Автор книги: Артур Дойл
Жанр: Зарубежные детективы, Зарубежная литература
Возрастные ограничения: +16
сообщить о неприемлемом содержимом
Текущая страница: 28 (всего у книги 30 страниц)
Не успел он договорить, как в дверном проеме выросла массивная, плотная фигура с тяжелой палкой в руке. Мисс Хантер пронзительно вскрикнула и прижалась к стене, но Шерлок Холмс ринулся вперед и загородил ее:
– Мерзавец! Куда вы дели свою дочь?
Толстяк оглядел комнату, потом поднял глаза к открытому потолочному окну.
– Это я вас должен спросить! – завизжал он. – Воры! Шпионы и воры! Я вас поймал – что, не так? Вы у меня в руках. Ну, сейчас я вам покажу! – Он повернулся и с топотом ринулся вниз по ступеням.
– Он побежал за собакой! – воскликнула мисс Хантер.
– У меня с собой револьвер, – напомнил я.
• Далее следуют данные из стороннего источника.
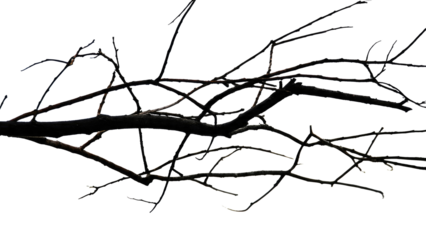 A stark, leafless tree branch with numerous dark, thin twigs extends horizontally against a solid transparent background, showing its intricate silhouette. background removed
– Надо запереть парадную дверь, – скомандовал Холмс, и мы втроем кинулись вниз по лестнице.
Едва мы спустились в холл, как снаружи донесся хриплый лай, а потом раздался крик боли – невыносимый вопль, исполненный смертной тоски. Из боковой двери, шатаясь, выбрался немолодой человек с багровым лицом; руки у него тряслись, ноги не слушались.
– Ах ты господи! – пробормотал он. – Кто-то выпустил собаку. А она два дня как не кормлена. Скорей, скорей, а то будет поздно!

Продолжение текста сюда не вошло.